Applies the Khmer reorder pre-pass to Wide and returns the reordered UnicodeString ready for cmap + GSUB consumption. Non-Khmer content passes through byte-identical. Khmer is the first South-East Asian script registered in HotPDF and uses an independent syllable structure distinct from the Brahmic R1–R5 family handled by Phases 8f.1–8f.8.

Khmer specifics

  • NO Repha — Khmer does not form a Repha visual. Ra + COENG + Consonant stays in original order rather than rotating to the end of the cluster.
  • COENG (U+17D2) is a subscript joiner: each COENG + Consonant pair forms a stacked-consonant cluster. The pair stays in the base buffer in original order and the font's GSUB 'pres' / 'blws' features handle subscript positioning. Nested coeng (C + COENG + C + COENG + C) is supported by the FSM.
  • VIRIAM (U+17D1) is a separate virama-like sign distinct from COENG: it does not stack a following consonant. The syllable FSM tracks the previous codepoint (not just the previous category) so it can distinguish COENG from VIRIAM when deciding whether a trailing consonant continues this syllable.
  • Pre-base vowels (MatraPos = 1): E (U+17C1), AE (U+17C2), AI (U+17C3), OE (U+17BE), OO (U+17C4), AU (U+17C5). OE / OO / AU have visual top or right components that are GSUB-rendered; the reorder pre-pass moves only the logical pre-base component to syllable start.
  • Register shifters — MUUSIKATOAN (U+17C9, 1st series) and TRIISAP (U+17CA, 2nd series). These plus other signs (U+17CBU+17D0, U+17D3, U+17DD) are categorised as 12 and route to the above-base buffer.
  • Bindu (NIKAHIT U+17C6) is categorised as 6 and routes to above-base.
  • Visarga (REAHMUK U+17C7, YUUKALEAPINTU U+17C8) is categorised as 7 and routes to post-base.
  • Above-base vowels (MatraPos = 3): I (U+17B7), II (U+17B8), Y (U+17B9), YY (U+17BA).
  • Below-base vowels (MatraPos = 4): U (U+17BB), UU (U+17BC), UA (U+17BD).
  • Post-base vowels (MatraPos = 2): AA (U+17B6), YA (U+17BF), IE (U+17C0).

Reorder behavior

  • Pre-base vowels emit before the base block (analogous to Brahmic R2).
  • Above-base vowels emit after the base block.
  • Below-base vowels emit after the above-base block.
  • Post-base vowels and Visarga emit after the below-base block.
  • Register shifters, Bindu, and other above signs all route to the above-base block so they render after the consonant stack.
  • Consonant cluster (consonants + COENG pairs) stays in the base block in original logical order — GSUB 'pres' / 'blws' handle the visual subscript stacking.
  • NO Repha extraction: Khmer syllables containing Ra + COENG + Consonant stay verbatim in the base block.

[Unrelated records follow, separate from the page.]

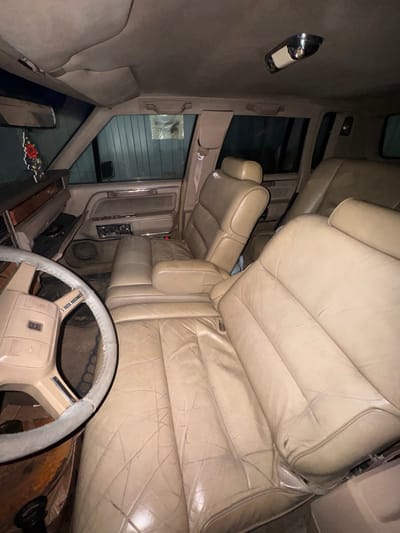 The image displays the interior of an unoccupied light brown/beige vehicle, identified as being in Zhabkino, Russia, based on external cues. The perspective is from the driver's side floor, looking across the front passenger area towards the rear seats.
**Subjects and Objects:**
The primary subject is the vehicle's interior. A beige four-spoke steering wheel, showing wear on its rim, is partially visible in the lower left foreground. The seating consists of worn, tan leather or faux leather upholstery, exhibiting numerous creases, cracks, and some discoloration across all visible seats. The front passenger seat is reclined. A dashboard with a dark upper surface and a prominent wooden trim accent is visible on the passenger side. A black rose-shaped air freshener hangs from the rearview mirror, which is partially visible. An overhead dome light fixture with a chrome base is mounted on the vehicle's ceiling. Door panels, matching the interior color, are visible, featuring power window controls.
**Environment:**
Through the vehicle's side and rear windows, a light grey-green corrugated metal wall is visible, indicating the vehicle is parked inside a garage, storage unit, or similar enclosed structure. A white piece of paper with dark Cyrillic text is taped to this external wall, visible through the front passenger window, confirming a Russian setting. The interior is dimly lit, suggesting low ambient light conditions.
**People, Actions, and Interactions:**
No people are present in the image. No actions or interactions are depicted. The scene is static.
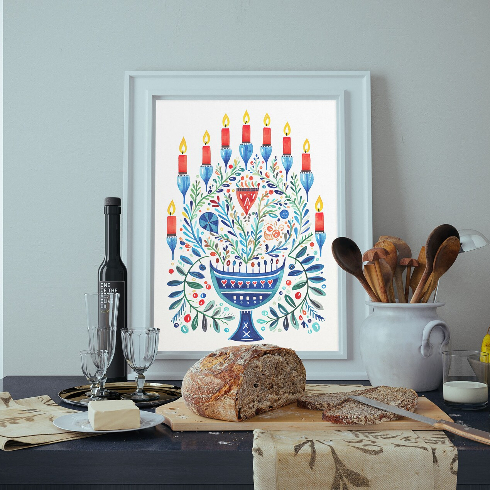 Canadian holiday decorations - An illustrated print of a lit menorah framed on a dining table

Output layout per syllable: [pre-vowels] + [consonants + COENG pairs] + [above-vowels / register-shifters / Bindu / signs] + [below-vowels] + [post-vowels / Visarga]. Single-pass; idempotent on simple inputs.

Example

var
  Wide: UnicodeString;
begin
  // Input: KA (U+1780) + E-vowel (U+17C1, pre-base)
  Wide:= Doc.ApplyKhmerReorder(#$1780#$17C1);
  // Wide is now: E (U+17C1) + KA (U+1780)

  // Input: KA + COENG + KHA + AA-vowel (stacked consonant + post vowel)
  Wide:= Doc.ApplyKhmerReorder(#$1780#$17D2#$1781#$17B6);
  // Wide unchanged: KA + COENG + KHA + AA
  //   (COENG cluster stays in BaseBuf in original order; AA in PostBuf)
end;

See also

Standards

  • Unicode 16.0 §16.4 (Khmer)
  • Unicode 16.0 IndicSyllabicCategory.txt, IndicPositionalCategory.txt
  • ISO 32000-1 §9.10 (extraction of text content)
  • OpenType Khmer shaping spec (script tag 'khmr')

Version history

  • v2.120.9 — Introduced in Phase 8f.9. Complete shaper with COENG subscript handling, register shifters, and pre-base vowel rotation. Khmer becomes the ninth registered Indic script and the first South-East Asian script in the registry.